1927 Bulgarian parliamentary election
- All 273 seats in the National Assembly 137 seats needed for a majority
- Turnout: 84.27%
- This lists parties that won seats. See the complete results below.
| Party |  | Leader | Vote % | Seats | +/– |
|  | DA–PLP | Andrey Lyapchev Dobri Petkov | 45.27 | 174 | −26 |
|  | Iron Bloc | Georgi Markov Yanko Sakazov Vasil Kolarov | 27.29 | 61 | +23 |
|  | Triple Coalition | Aleksandar Malinov Dimo Kyorchev Konstantin Tomov | 16.63 | 26 | +17 |
|  | VMRO | Ivan Karandzhulov | 3.28 | 11 | New |
|  | NLP (united) | Boyan Smilov | 1.61 | 1 | New |
| Prime Minister before | Prime Minister after |
| Andrey Lyapchev Lyapchev I (DA) | Andrey Lyapchev Lyapchev I (DA) |

= 1927 Bulgarian parliamentary election =

Parliamentary elections were held in Bulgaria on 29 May 1927 to elect members of the XXII Ordinary National Assembly.

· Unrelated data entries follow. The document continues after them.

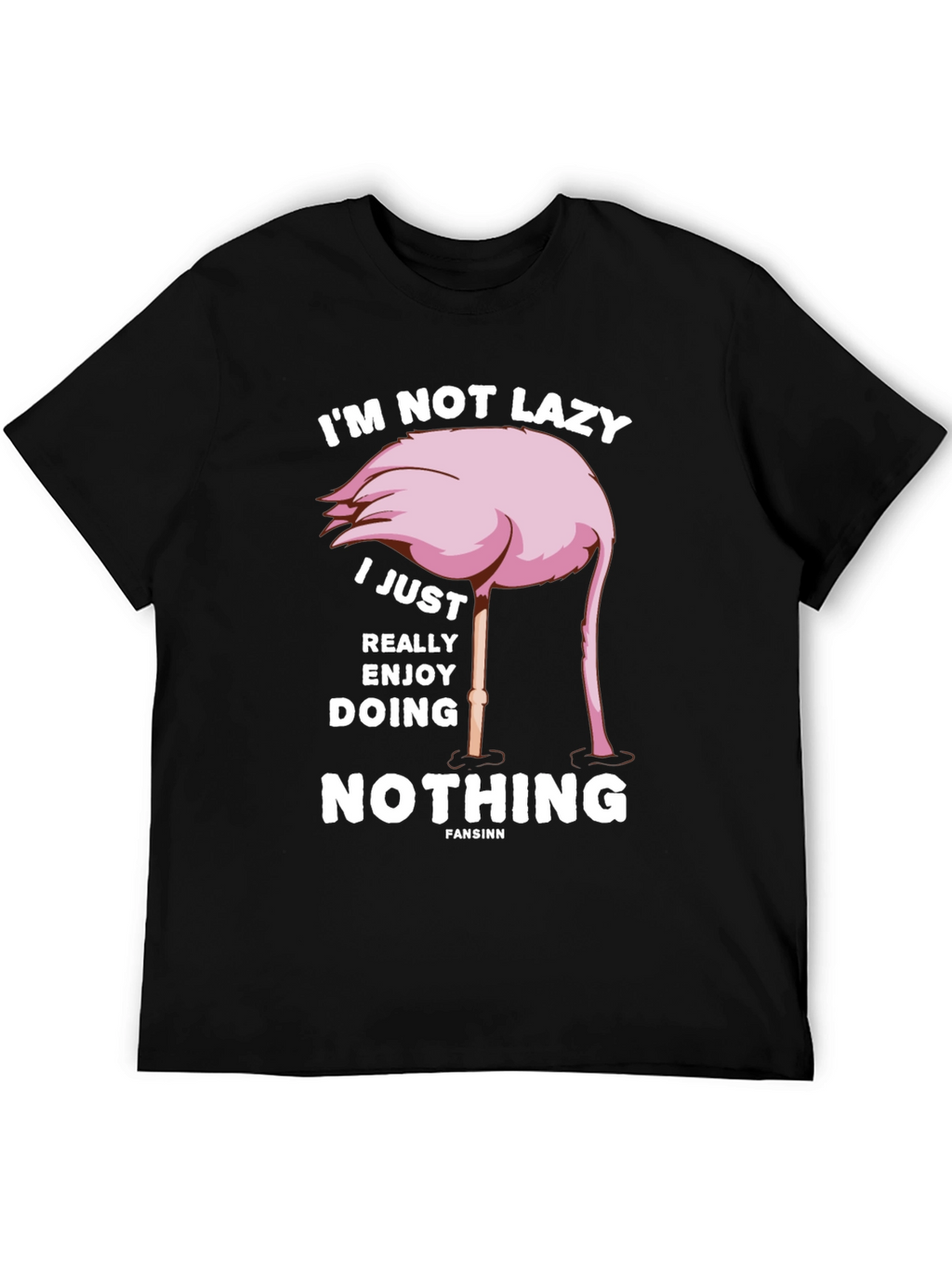 Funny Flamingo Lazy T-Shirt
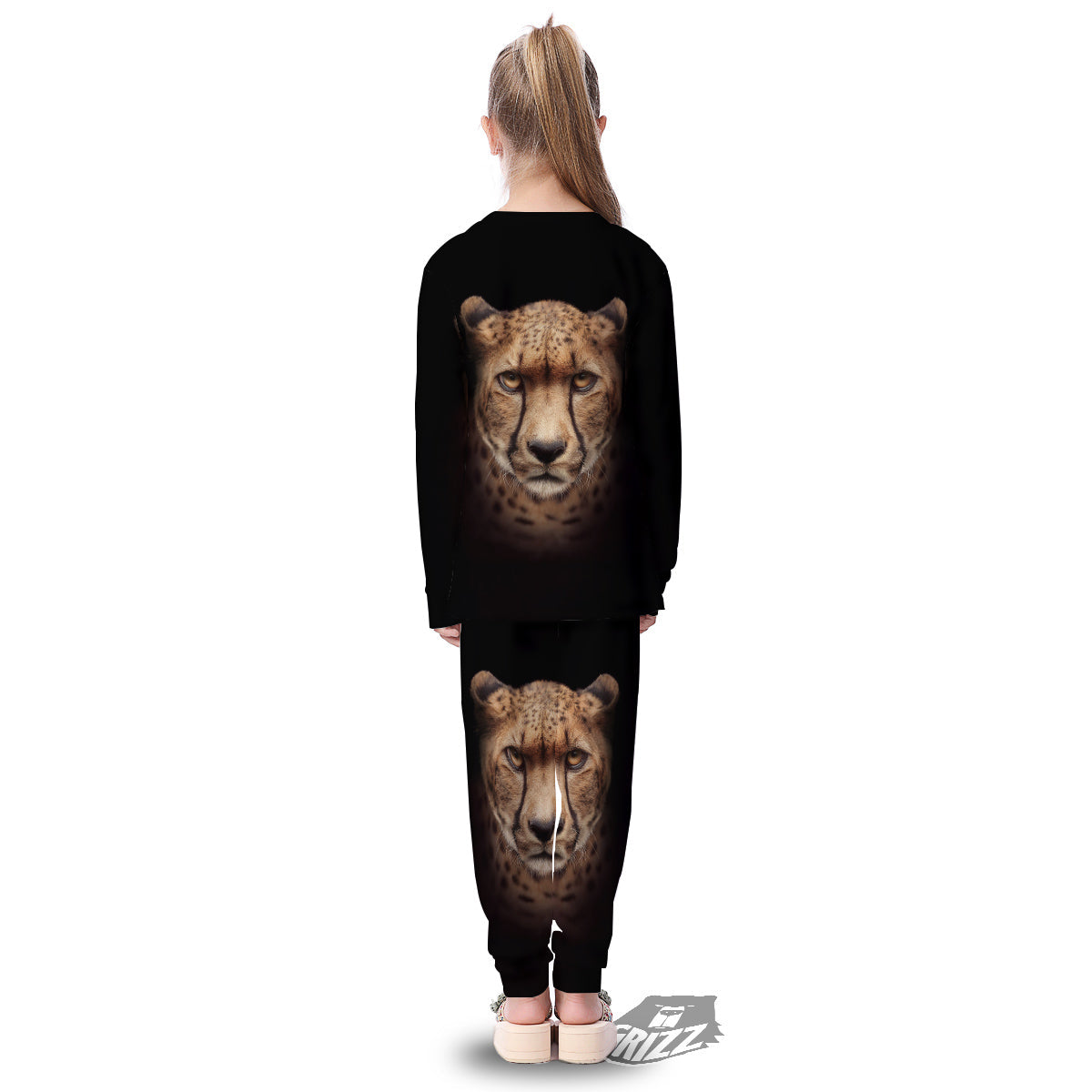 Cheetah Print Kid's Pajamas-grizzshop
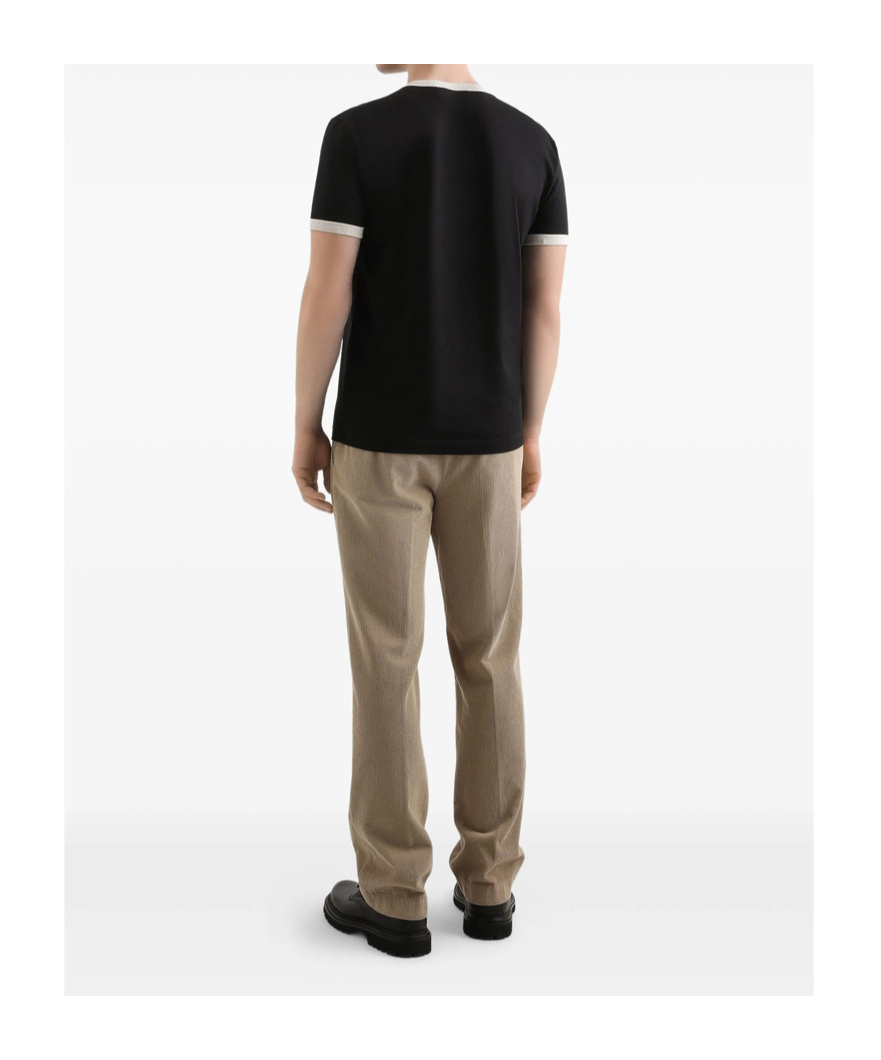 Dolce & Gabbana Corduroy-pinwale Trousers In Brown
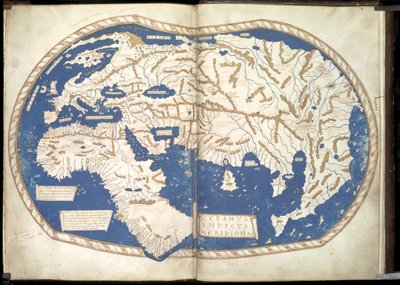 Maailman kartta, c. 1490 tekijältä Henricus Martellus Germanus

The result was a victory for the ruling Democratic Alliance, which ran alongside the restored People's Liberal Party. The coalition won 174 of the 273 seats. Voter turnout was 84.3%.

==Results==

| Party or alliance |  |  |  | Votes | % | Seats |
|  | DA–PLP |  | Democratic Alliance | 522,592 | 45.27 | 168 |
|  | People's Liberal Party | 6 |
|  | Iron Bloc of Labour |  | BZNS-Vrabcha 1 | 285,758 | 24.76 | 43 |
|  | BRSDP (united) | 10 |
|  | Craftsmen | 4 |
|  | Workers' Party | 2 |
|  | Triple Coalition |  | Democratic Party | 179,491 | 15.55 | 11 |
|  | National Liberal Party | 9 |
|  | BZNS-Orange | 3 |
|  | Radical Party | 2 |
|  | Internal Macedonian Revolutionary Organization |  |  | 37,854 | 3.28 | 11 |
|  | RP–BZNS-Stara Zagora |  | Radical Party | 29,637 | 2.57 | 0 |
|  | BZNS-Stara Zagora | 0 |
|  | Workers' Party |  |  | 29,210 | 2.53 | 2 |
|  | National Liberal Party (united) |  |  | 18,540 | 1.61 | 1 |
|  | United People's Progressive Party |  |  | 17,249 | 1.49 | 0 |
|  | Democratic Party |  |  | 12,414 | 1.08 | 1 |
|  | Others |  |  | 21,568 | 1.87 | 0 |
| Total |  |  |  | 1,154,313 | 100.00 | 273 |
| Valid votes |  |  |  | 1,154,313 | 97.57 |  |
| Invalid/blank votes |  |  |  | 28,809 | 2.43 |  |
| Total votes |  |  |  | 1,183,122 | 100.00 |  |
| Registered voters/turnout |  |  |  | 1,403,972 | 84.27 |  |
Source: National Statistical Institute (votes), DA newspaper, issue 1081 (seats)

==Aftermath==
The ruling Democratic Alliance won a majority by itself and Andrey Lyapchev remained Prime Minister. In May 1931 a faction of the NLP joined the government with two ministers.

In 1927 the government signed the Mollov–Kafandaris agreement, which regulated the real estate assets left behind by Bulgarians expelled from Greece and Greeks from Bulgaria after the First World War.
In the aftermath of the 1928 earthquakes, the government secured a foreign loan, which, alongside the Refugee Loan two years prior, helped stabilize the Bulgarian lev. The period between 1928 and 1931 was characterized by the increasing influence of tsar Boris III and growing ties to Fascist Italy, culminating in Boris' marriage to Giovanna of Savoy. Bulgaria under Lyapchev, a Macedonian Bulgarian, had a tense relationship with neighboring Yugoslavia and the border between the two countries was closed in 1929. The Great Depression in Bulgaria, usually seen as being ushered in by the bankruptcy of the Buklovi Brothers enterprise in October 1929, had a strong effect on Bulgaria's mostly agricultural and light industry dominated economy. Production fell by over 30% in the first three years of the crisis, resulting in mass unemployment.